|E-reader? What e-reader?|
Since I started in January, I've gotten a lot of questions about my low-residency MFA program in creative writing. How does it work? What books are you reading? What do you have to do, period? Do you have exams? Now that my first semester is over (yay!), I thought I would explain it a bit and offer some reflections so far.
I am getting my Masters at Goddard College, which has one of the oldest and best low-residency MFA programs in the country. (Thanks, Rosie Molinary, for guiding me there!) Low-residency programs function with the mentality that you should write where you live, not live where you write. It also allows for students (like me) to continue our day-to-day, 9-to-5 lives while getting our degree. It also means that our student body is incredibly diverse, from recent college grads to retirees.
I go to a week-long residency at the campus in Vermont twice a year, at the beginning of each semester. During the residency, students have a number of different writing workshops to choose from every day, each one led by a talented faculty member. In between workshops, we meet with our faculty advisor to plan for the next semester. There are faculty and student readings every night, as well as lots of other events, and fellowship during meals, of course. By the time the week is up, I have crafted a semester plan that I submit to my advisor for approval. The plan is made up primarily of critical reading/writing and creative writing; in our third semester, we also do a teaching practicum, and find a place to teach writing in our community, to help prepare us for the teaching element of the MFA. I'm excited for that!
The main crux of the MFA is our manuscript, our creative thesis, that we will complete by the end of the two-year program. In order to graduate, our manuscript will be read by two professors who will judge it to be "of publishable quality." We are encouraged to write what we want to write, what draws us in and compels us. Students write graphic novels, poetry collections, novels, hybrid forms, nonfiction, anything. I'm writing a memoir manuscript about my first years out of college. Our reading list for the semester - put together by our advisor - is meant to expand our outlook and enhance our creative work.

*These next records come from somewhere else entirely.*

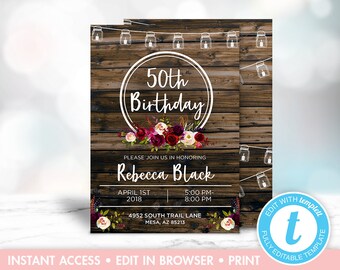 Invitation d'anniversaire pour les femmes, invitation de fête surprise, invitation d'anniversaire rustique d'automne, invitation imprimable, 30e, 40e, 50e, 60e, 70e, 80e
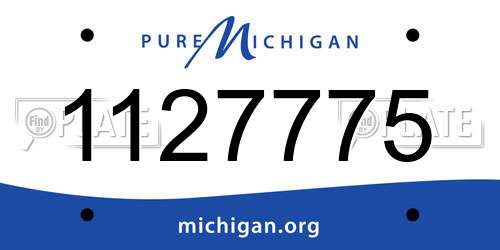 1127775 Michigan License Plate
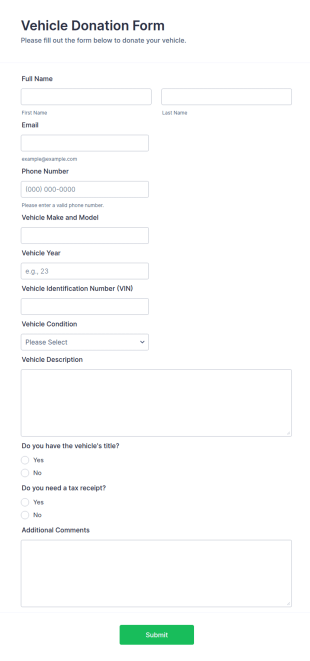 Vehicle Donation Form Template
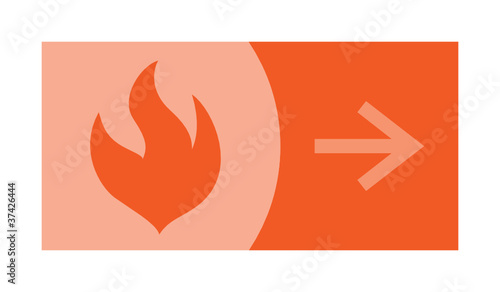 signe, symbole, picto, logo, flèche, feu, flamme, incendie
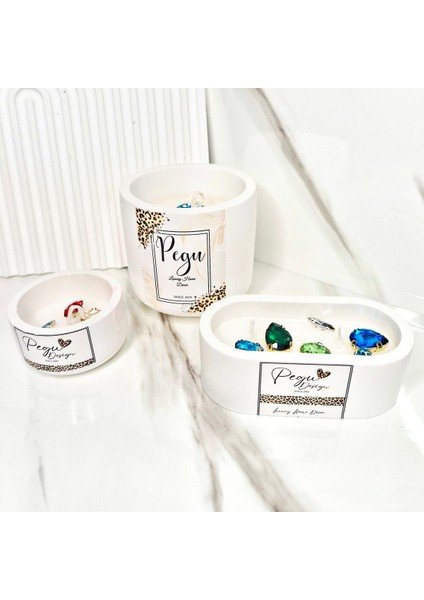 3 Lu Set Kristal Taşlı Özel Tasarım %100 Doğal Soya Wax Mum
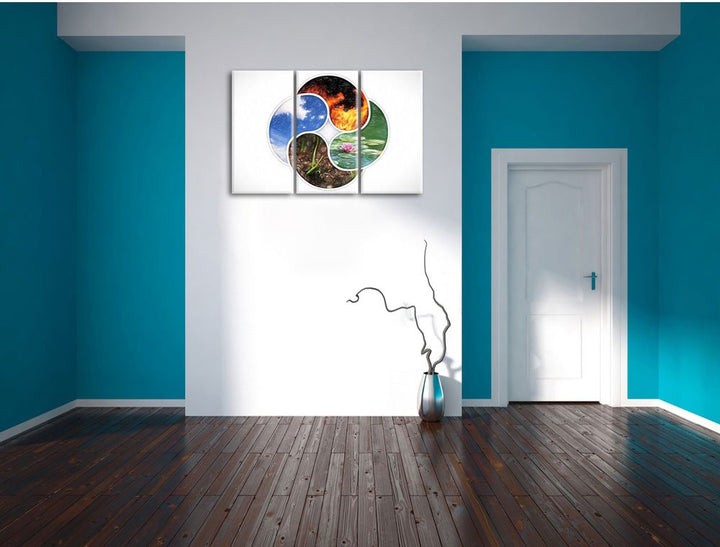 Leinwandbild 3-teilig Vier Elemente 120x80 cm Wanddeko - Bild 5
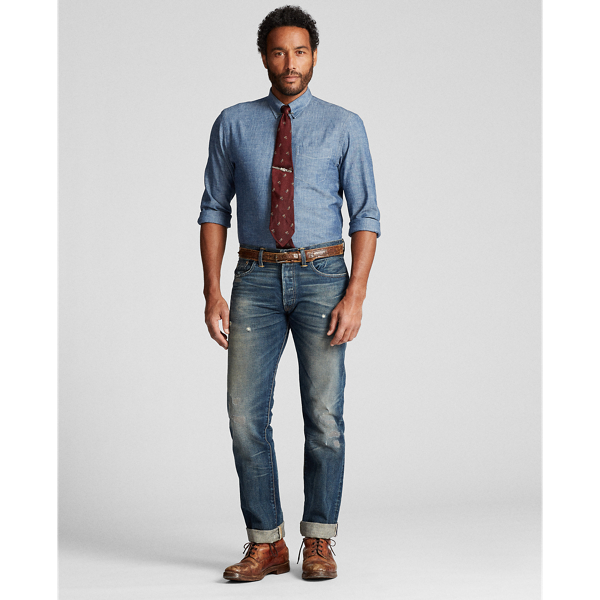 Shop Rrl Slim Fit Chambray Shirt In Blue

Once the residency is over, the real work begins. Five packets of work are due during the semester, one every three weeks. Over the course of the term we work through our reading lists and write annotations for each book (short 2-3 page papers about a literary element of the book); I typically submitted three with each packet. We also have to write and submit creative writing towards our manuscript - my advisor requested 12 new pages per packet. We interact with our advisors by writing process letters, presenting our work and any questions we might have. Our advisors write letters back to us with thoughts, suggestions, ideas, and questions to make us think more deeply about our writing. The questions I have received are incredibly detailed, and address elements of my work that I don't think I'd have ever thought of on my own - so that in itself, I think, is reason alone to be in this program.

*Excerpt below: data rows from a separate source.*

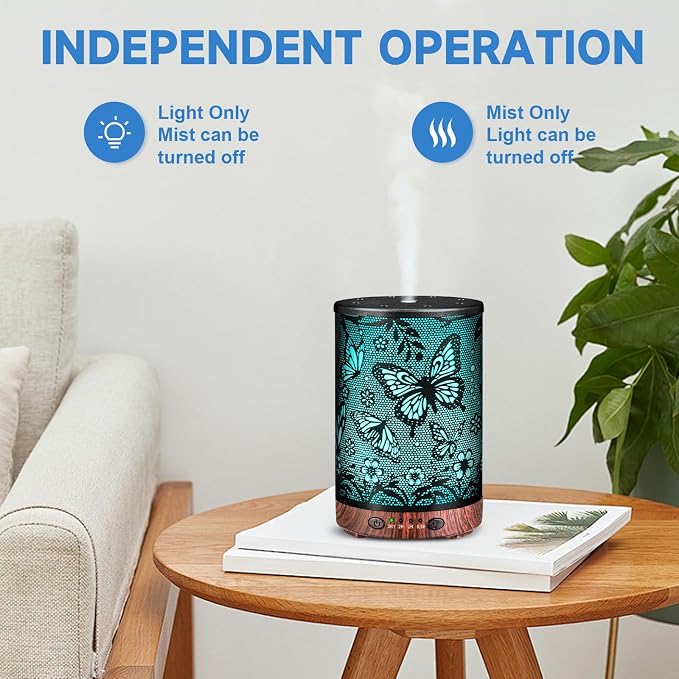 Essential Oil Diffuser 120ML Metal Aromatherapy Diffuser with Timer, Cool Mist Humidifier with Auto Shut-Off & 7 Color Lights for Home Office Spa (Big Butterfly)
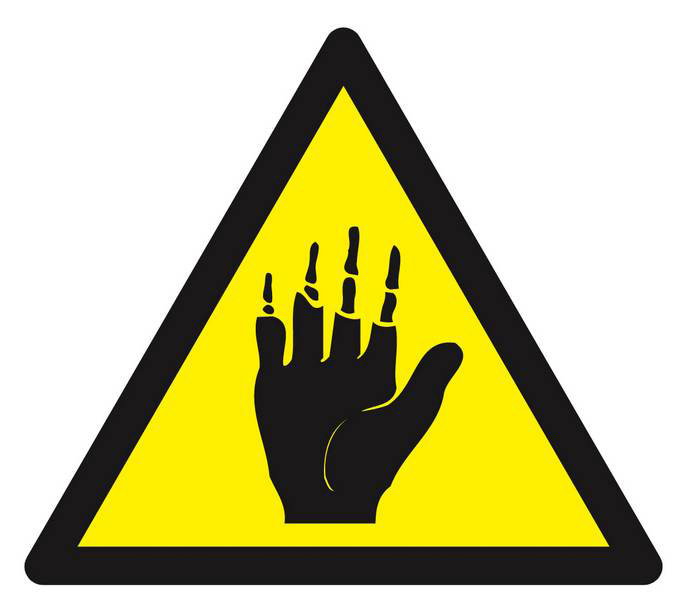 Panneau rigide DANGER PRODUIT CORROSIF POUR LES MAINS 100X100X100MM TALIAPLAST - 629903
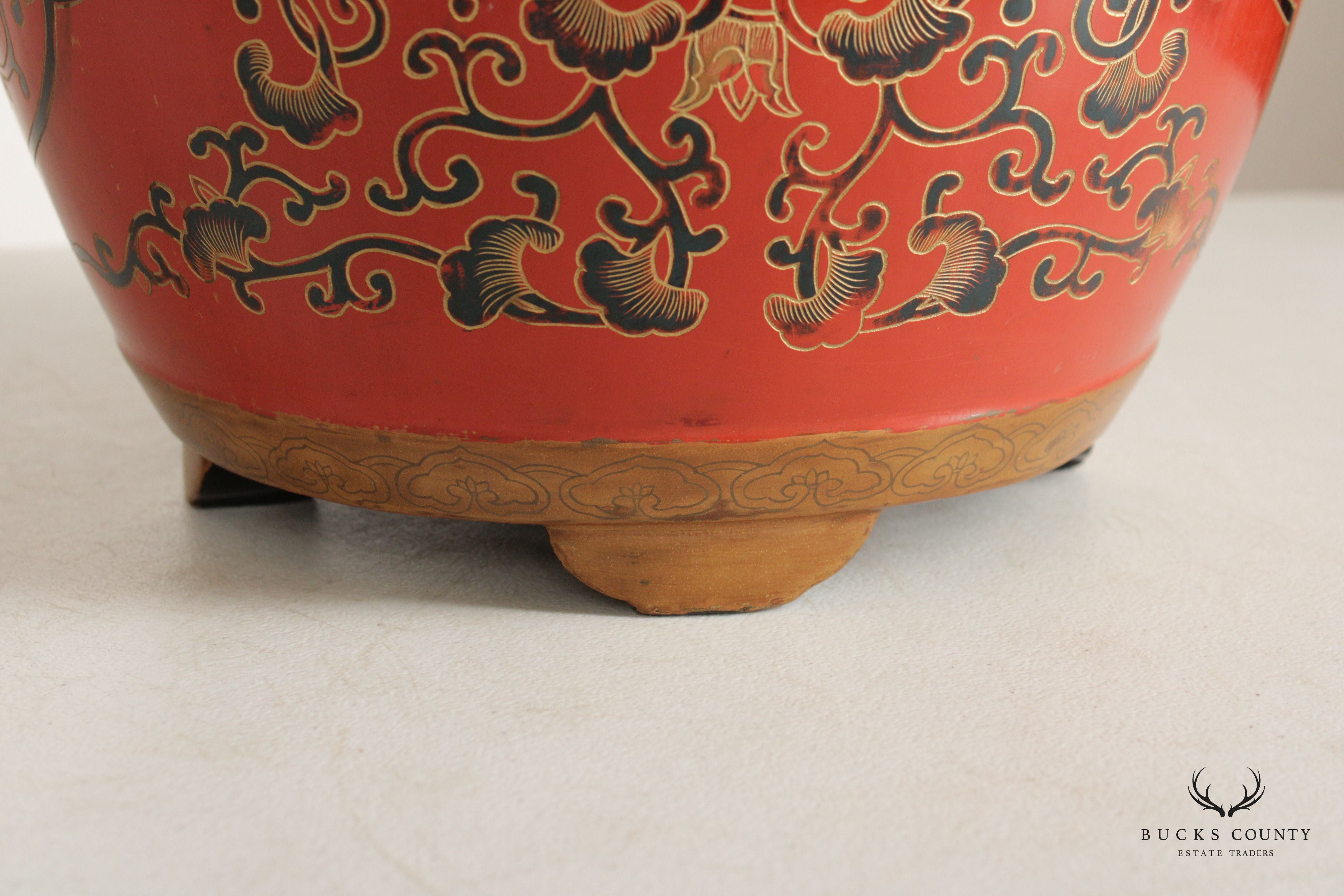 Asian Inspired Style Pair of Hand Painted Wooden Drum Stools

Reading that stack of 14 books was a challenge - well, that, and re-learning how to write critically. I was comfortable with that in high school and college but it's definitely been awhile. Slowly I got into a good rhythm, and really enjoyed all of the books. My favorites from this semester were The Pillow Book, David Copperfield, Flannery O'Connor: The Complete Stories, Notes of a Native Son, The Cloister Walk, and Keeping Faith: A Skeptic's Journey.
It's funny; I write creatively a lot, but this felt like an entirely new venture. And in some ways, it was/is. This is a two-year project. That in itself is a timeline that's tough to grasp right now. The writing I do now might not make it into my final product at all, or it might make way for writing that is even more important. Since I'm so used to specific, quick deadlines for finishing a project, at work and in school settings before this, thinking longer-term takes some getting used to. Starting to write was definitely the most difficult part. I'm pulling material from real life, but where the heck do I start within that, even these last several years? I was overwhelmed. It wasn't until I began to free write about a very specific moment that carried a good deal of emotion, purpose, and specific detail that I felt like I'd finally found a starting point - for now. Who knows what will come next?

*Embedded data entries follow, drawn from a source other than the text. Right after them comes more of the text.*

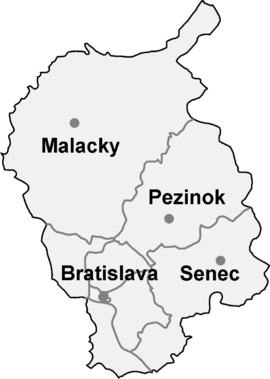 Mapa Bratislavského kraja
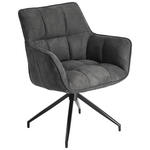 ARMLEHNSTUHL  Sitzfläche 360° drehbar, inklusive Armlehnen, automatische Rückholfunktion Mikrofaser  - Anthrazit/Schwarz, Design, Textil/Metall (65/85/63cm) - Novel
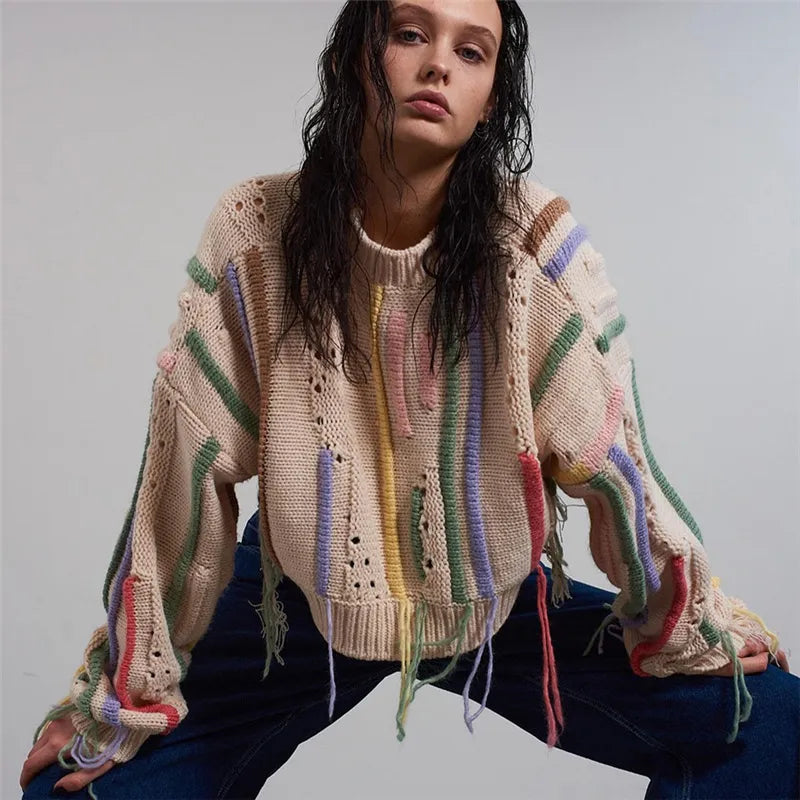 Distressed knit multicolored sweater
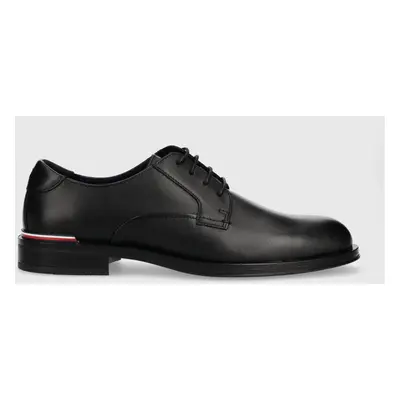 Tommy Hilfiger bőr félcipő CORE RWB LTH SHOE fekete, férfi, FM0FM04867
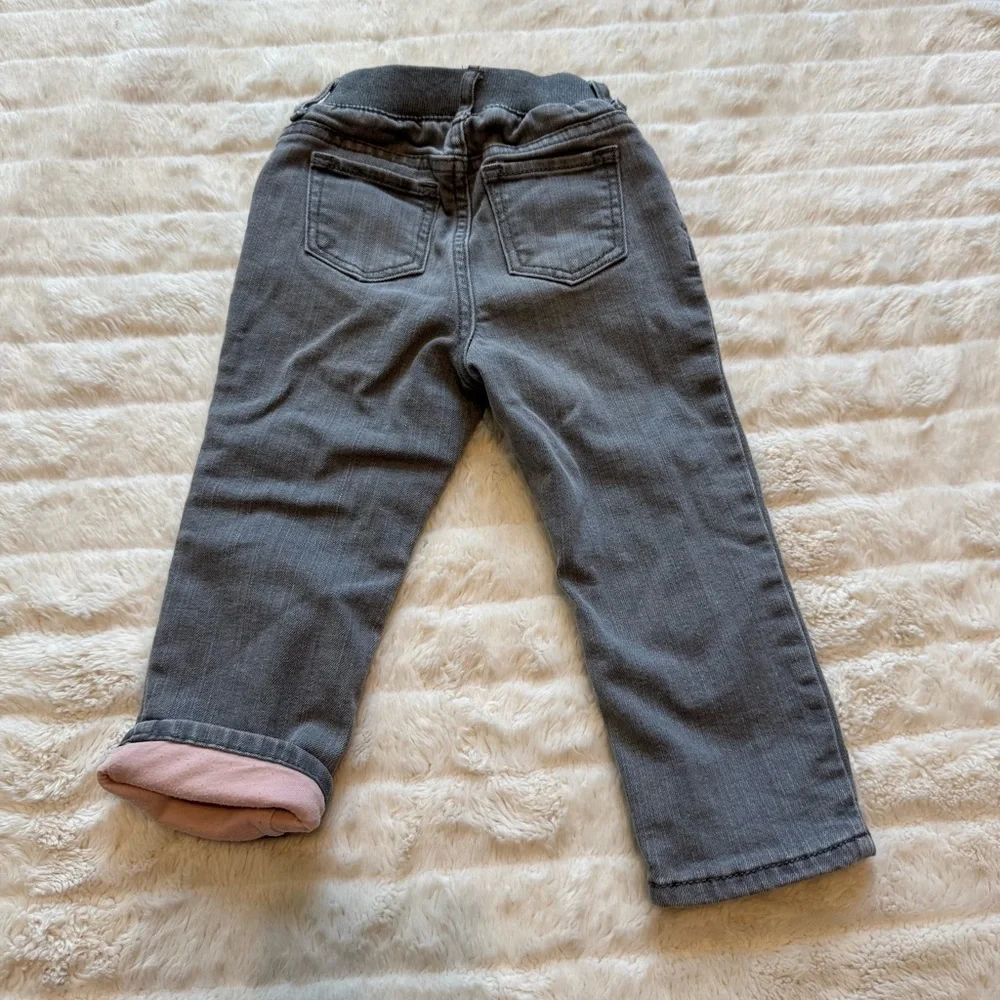 GAP Gray Fleece Lined Straight-Leg Jeans with Adjustable Waistband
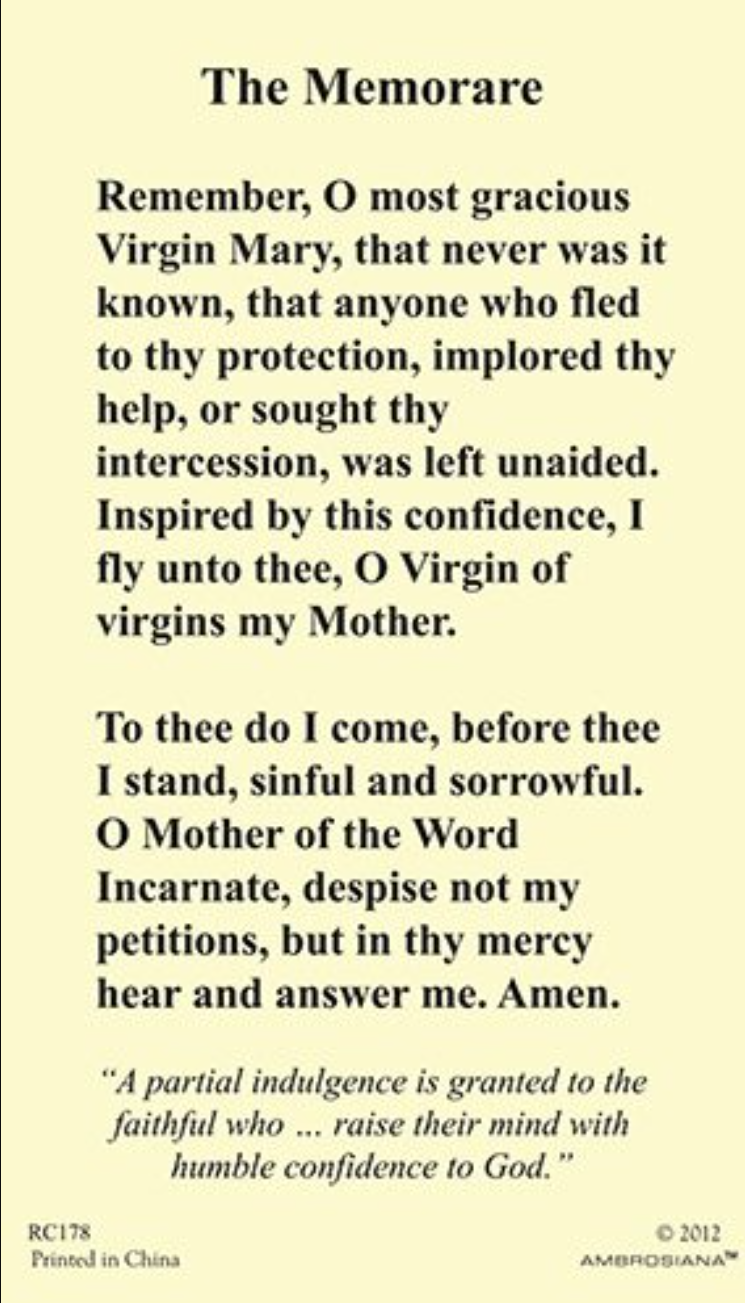 (2 copies) The Memorare Prayer Holy Card Our Lady of Grace Mary Catholic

What has intrigued me the most in this first semester is the concept of the narrator's role in a memoir manuscript. Yes, a memoir is based on real life; it is my story, and I am telling it. But which "me" is telling it? Is it a "me" in that moment, with no knowledge of what's coming next? Is it a "me" now, where I know a lot more, and does that feed into how I write the story? Is it a "me" with a mixture of that knowing and not-knowing, and how does that mold my telling of the story? Every author seems to tackle it differently, depending on what their story is and what they want to show the audience. That's the other thing I've started to learn: that depending on the purpose of the piece, the crafting of the book itself will be different. What am I trying to say to the world, and what stories from my life will best help me say it? Why is this important?
I'm grateful that after four years of mulling it over, I finally got up the nerve to throw myself into this new place of learning and creative expansion. It's added an element to my life and my writing that I think will continue to impact me for years to come. And next up: summer residency, and semester two!